# hello im new this site



## Xenasmommy (Jun 22, 2010)

trying to find someone around my area with pits.. im glad i found this site.. thank you for having such a proud pitbull owning site. my pic is of my dog Xena when she was begging me to go to bed lol.. thanks..


----------



## FamilyLinePits (May 18, 2010)

Welcome to the site, And yes, It is an amazing site for bully lovers!
I love this picture of Xena on your profile!


----------



## MY MIKADO (Apr 7, 2006)

Hi and welcome! Hope you enjoy this site we have lots of great people and of course some amazing dogs.


----------



## bluefamily (Aug 8, 2007)

welcome a[email protected]!


----------



## brandileigh080 (Mar 9, 2010)

Welcome 


You'll love it here!


----------



## dixieland (Aug 14, 2009)

Welcome to the forum!:woof:


----------



## Black Rabbit (Nov 14, 2009)

:welcome: hope you like the site


----------



## Xenasmommy (Jun 22, 2010)

thanks everyone! it was a lil confusing at first. You all have some beautiful dogs! thanks she is a handful lol she has to sleep under the covers with me at night or she gets mad lol im lookin for a male around me to breed her with, shes 2 years old, and hasnt had a litter yet. Well hope someone can help me out, im located in Nowata, oklahoma. So if anyone is around in the surrounding cities please let me know.. Thank you for the warm welcome!


----------



## Saint Francis (Jun 2, 2010)

Welcome, and, even though I'm not in Oklahoma, the beautiful thing about the internet is that you're a click away from some really cool folks Stay a spell!


----------



## American_Pit13 (Apr 23, 2007)

Welcome to GP! I think you should read around our forum and find out what breeding is all about before you take that step. Firt of all is she a papered dog? There is alot that goes into breeding and you must be fully educated before bringing more puppies into this world of overpopulated pitbulls as is.


----------



## Wingman (Oct 21, 2009)

Welcome aboard! This is a great site with a lot of great information. Oh...and great people too!


----------



## aimee235 (Apr 29, 2007)

If she is papered you should bring her to some shows and compete her against other dogs if you haven't already.


----------



## Rudy4747 (Nov 29, 2009)

Welcome hope you like us and stay a while.

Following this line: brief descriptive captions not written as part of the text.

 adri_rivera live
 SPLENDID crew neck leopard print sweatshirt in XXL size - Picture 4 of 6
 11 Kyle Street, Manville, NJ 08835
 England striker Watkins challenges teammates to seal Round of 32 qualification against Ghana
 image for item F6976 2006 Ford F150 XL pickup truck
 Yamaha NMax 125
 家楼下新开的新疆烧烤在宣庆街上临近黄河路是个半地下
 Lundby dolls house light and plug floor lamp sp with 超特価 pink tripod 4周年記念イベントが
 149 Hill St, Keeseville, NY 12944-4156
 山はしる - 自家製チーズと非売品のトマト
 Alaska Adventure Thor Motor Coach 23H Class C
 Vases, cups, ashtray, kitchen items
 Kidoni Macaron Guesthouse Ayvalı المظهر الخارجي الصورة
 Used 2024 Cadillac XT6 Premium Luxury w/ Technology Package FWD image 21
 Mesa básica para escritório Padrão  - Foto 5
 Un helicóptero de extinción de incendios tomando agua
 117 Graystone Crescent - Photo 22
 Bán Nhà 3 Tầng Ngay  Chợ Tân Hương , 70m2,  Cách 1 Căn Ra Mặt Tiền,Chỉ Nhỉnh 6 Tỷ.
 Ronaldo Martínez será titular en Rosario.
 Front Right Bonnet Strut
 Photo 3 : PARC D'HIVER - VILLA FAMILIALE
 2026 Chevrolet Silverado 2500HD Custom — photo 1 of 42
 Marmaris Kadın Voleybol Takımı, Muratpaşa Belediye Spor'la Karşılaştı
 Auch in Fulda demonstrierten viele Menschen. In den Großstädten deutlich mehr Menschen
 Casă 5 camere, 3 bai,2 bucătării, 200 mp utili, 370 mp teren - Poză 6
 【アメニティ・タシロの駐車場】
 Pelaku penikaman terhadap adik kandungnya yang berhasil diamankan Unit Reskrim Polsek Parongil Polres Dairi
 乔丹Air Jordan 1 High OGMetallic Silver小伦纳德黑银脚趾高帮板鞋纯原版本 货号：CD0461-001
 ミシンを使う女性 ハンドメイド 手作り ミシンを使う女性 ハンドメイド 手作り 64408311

This is great palce to meet some of the best who own our breed.


----------



## Czar (Nov 11, 2009)

welcome aboardddddddddddddddddd!


----------



## BLUE PIT BULL MAN (May 22, 2009)

welcome aboard


----------



## Xenasmommy (Jun 22, 2010)

No she isn't paperd. I rescued her when she was a week old. there was a couple that lived down the street from us, and they abandoned this litter 13 puppys, took the mother with them, I found Xena, and her brother. her brother didn't make it,. But we kept bottle feeding Xena and made her part of the family. I know several people that are wanting puppies out of her, and I want another puppy. Ya were pretty prepared, we have been on the hunt for a good stud, but the males around her just were never good enough in my eyes, lol.. So i'm trying to find the right stud that has good temperment, and manerisms. I found a site that said I could paper her through a pitbull only site that papers pits, but I didn't know how legitiment it was, so I didn't do it. I don't want to waste money on sites like that, when people have told me theres no way to paper her. If i could have found the former owners of that house I could of had her papered. Her parents were show dogs. But these people were running from the law. Which I don tunderstand why they would just leave puppies to die. But I couldn't just let them die like her other brothers and sisters then grow to love her so much.Well thanks for reading. Thats the story of her life


----------



## American_Pit13 (Apr 23, 2007)

There is no reason at all to breed an unpapered dog.


----------



## Xenasmommy (Jun 22, 2010)

Thanks again for the warm welcome. No she's not papered. We rescued her when she was a week old from an abandoned house. There was a couple up the street and thier dogs so they say were show dogs well this couple was running from the law and left 13 puppies at a week old fend for themselves, and took the parents. When I was walking down the street I heard puppy sounds and went behind this house and there was 11 puppies dead, and Xena and her brother were trying to crawl thier way out of the dog house when i was hallering for them,.I bottled fed them both, but her brother Red didn't make it. Xena became part of our family, and I have met up with a couple of people to breed her with but they were never good enough. I want a good temperment, and manerisims,. So yes I have been looking for a year, im very prepared for her to have puppys. I heard of this site that will paper only pit bulls, but i didnt know how legitement the site was. So i was very hesitant about completing the paperwork. I didnt go through with it. If there is a way for me to get her papered I would love to know how. Well thanks again.


----------



## Xenasmommy (Jun 22, 2010)

Well im sorry you feel that way. I still am going to continue to look for a good dog to breed her with. She tries to mother any animal around her so i know shes going to be a good mommy. She even let the kitten suck on her to try n mother it. which made me sad and realize she wanted a baby. Im sorry that you feel that way.


----------